What defines a vulnerable student?
The overarching definition of a vulnerable student is a young person who requires extra support with their education. It is a broad term which encompasses several types of individuals. For example, it may be students with special educational needs and disabilities (SEND), those with either mental or physical health issues, young people with behavioural difficulties such as obsessive compulsive disorder (OCD) or emotional disturbance, or students who are in difficult circumstances which have led to them needing extra assistance.
It is also important to be aware that individuals could be categorised as ‘vulnerable’ for either a short or long period of time. It may be the case that a situation or series of events has led to a young person requiring extra support for a few weeks or months, before ‘bouncing back’ after reaping the positive benefits, and no longer needing additional assistance. Alternatively, due to the conditions or disabilities of some students, they may require extra support on a more permanent basis.

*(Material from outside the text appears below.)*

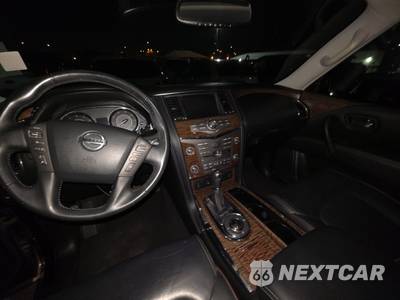 2019 Nissan Armada SL - zdjęcie 11 z 32 - miniatura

How can we support vulnerable students?
As already alluded to, students have varying needs, they learn at differing rates and in various ways across the academic year. Therefore, the most effective way to support them is through offering flexibility.
This is where Academy21 comes in! Our flexible online environment can help students remain engaged with their learning – without, most importantly, causing disruption to their routine. The variety of resources, interactive tools and support options mean that they have access to the best provision which suits their needs. For example, it may be that young people struggling with mental health problems and/or anxiety require additional one-to-one support to help them progress and rebuild their confidence. Or if a student is absent from school for a period of time (whether that be for health reasons or not engaging with a traditional environment) they are still able to access lesson content and recordings, even after the lesson has taken place, which helps them ‘catch up’ or simply reinforces their learning.

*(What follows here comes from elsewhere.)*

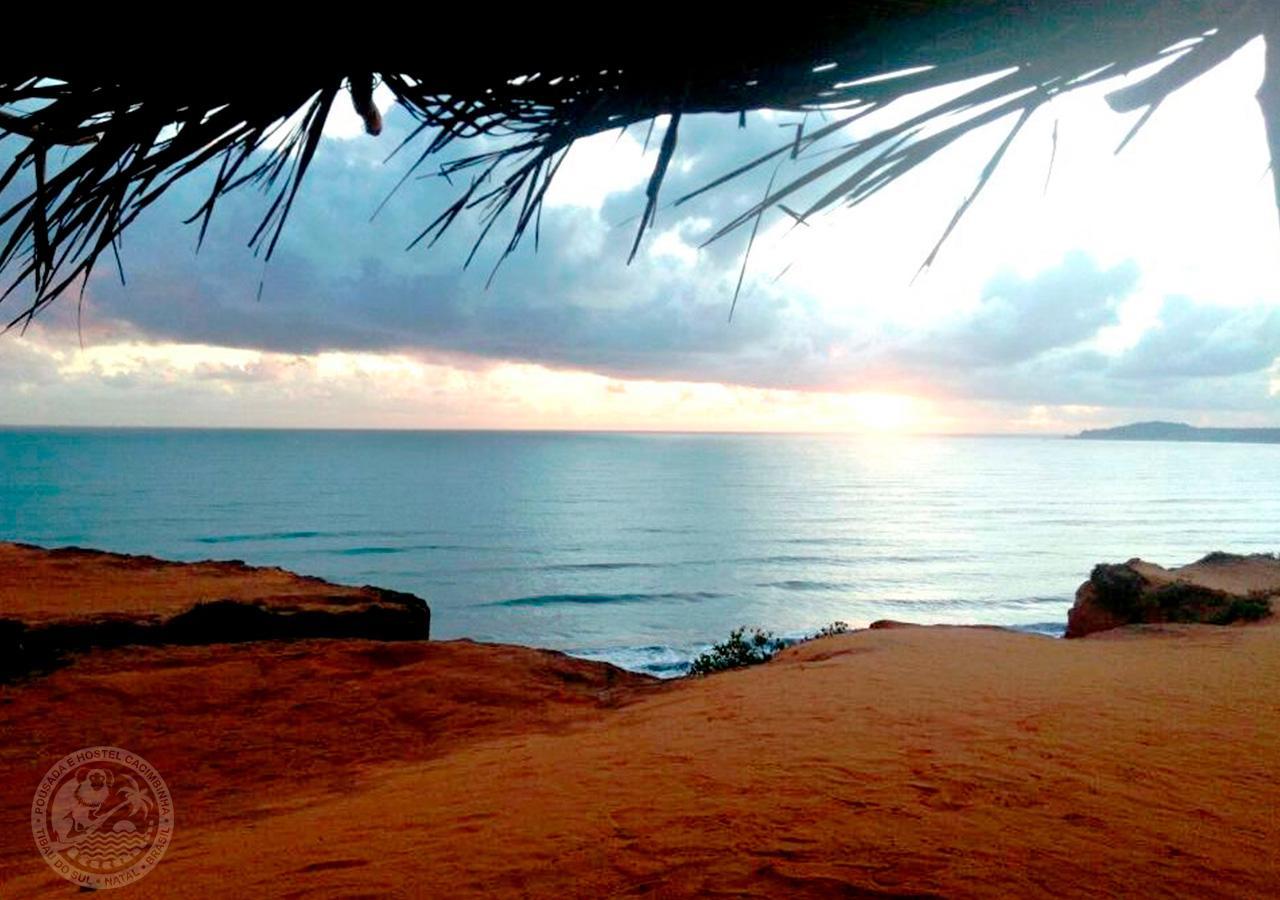 Pousada Cacimbinha - ePipa Hotéis Tibaú do Sul Esterno foto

Additionally, a more informal, ‘relaxed’ setting can also often prove extremely valuable to vulnerable students in helping them to feel comfortable and secure. In Academy21 lessons, students refer to members of staff by their forename rather than surname (which is the case in the majority of mainstream schools), developing a more comfortable learning setting. Staff are also able to build and manage a positive ethos in online classrooms and develop strong rapport with each student. Classroom disruption is also a thing of the past; whilst it does not happen often in our lessons, if a student is causing significant disruption, staff are able to simply remove them from the online classroom. This helps students concentrate on their own learning experience, without comparing their progress to peers. They are also able to ask questions confidentially via the chat function without worrying about ‘speaking up’ in class. All of this in turn helps them to feel more relaxed, which in turn positively impacts their development.
Another benefit of Academy21 is being able to provide reassurance to students, parents and schools that our teachers are fully qualified to not only deal with students’ additional needs, but are experts in delivering online lessons – arguably a very different environment for teachers as we’ve discovered during lockdown! We provide students with teachers who are trained how to teach ‘through the screen’ and understand how to best connect with students and ensure lessons are exciting and captivating to maintain their interest and engagement levels.
Vulnerable children deserve a high-quality education just as much as any student, and it is crucial that those who require additional support have access to it, especially if they aren’t able to attend school in person. We are passionate about supporting students and schools in helping to deliver the best possible support, and ensure they are able to continue learning regardless of their situation.